Главное ощущение от этих стихов — свобода, и эмоциональная, и формальная: хочу — буду длить и длить строку, до десяти стоп, хочу — с последней смелостью отрекусь от любимой. Здесь Пастернак снова, как когда-то в Марбурге, ощутил восторг разрыва — хотя связан с Еленой был несравненно крепче, чем с Идой; нового рождения тут нет, одна горечь, но и в самой интенсивности отчаяния мерещится освобождение.
В связи со всей этой историей, стоившей ему в общей сложности четырех лет жизни (последние стихи, обращенные к Елене, появляются еще и в 1921 году), возникает иногда постыдный, обывательский, а все-таки неизбежный вопрос: что между ними было? Евгений Пастернак отвечает на этот вопрос однозначно: Елена Виноград была слишком сурова, ничего не было и быть не могло (почему страсть, не знавшая утоления, и не отпускала его так долго). Сам Пастернак о прототипе Жени Люверс говорил:
«Я написал это о человеке, на десять верст к себе не подпускавшем. И оказалось — все правда!»

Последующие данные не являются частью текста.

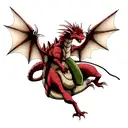 Dragon tattoo design idea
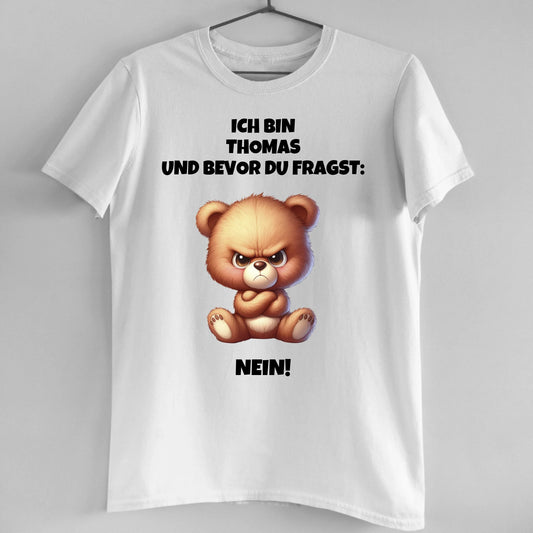 Nein - Organic Men's Shirt (personalisierbar)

В феврале восемнадцатого он наконец прозревает — она его не любила, чему он не мог поверить; она выбрала другого, с чем он не в силах смириться; она ему лгала — и это мешает ему проститься с ней чисто и рыцарственно («По крови я еврей, по всему остальному за ее вычетом — русский. Института рыцарства не знала история ни того, ни другого народа»,— писал он Штиху).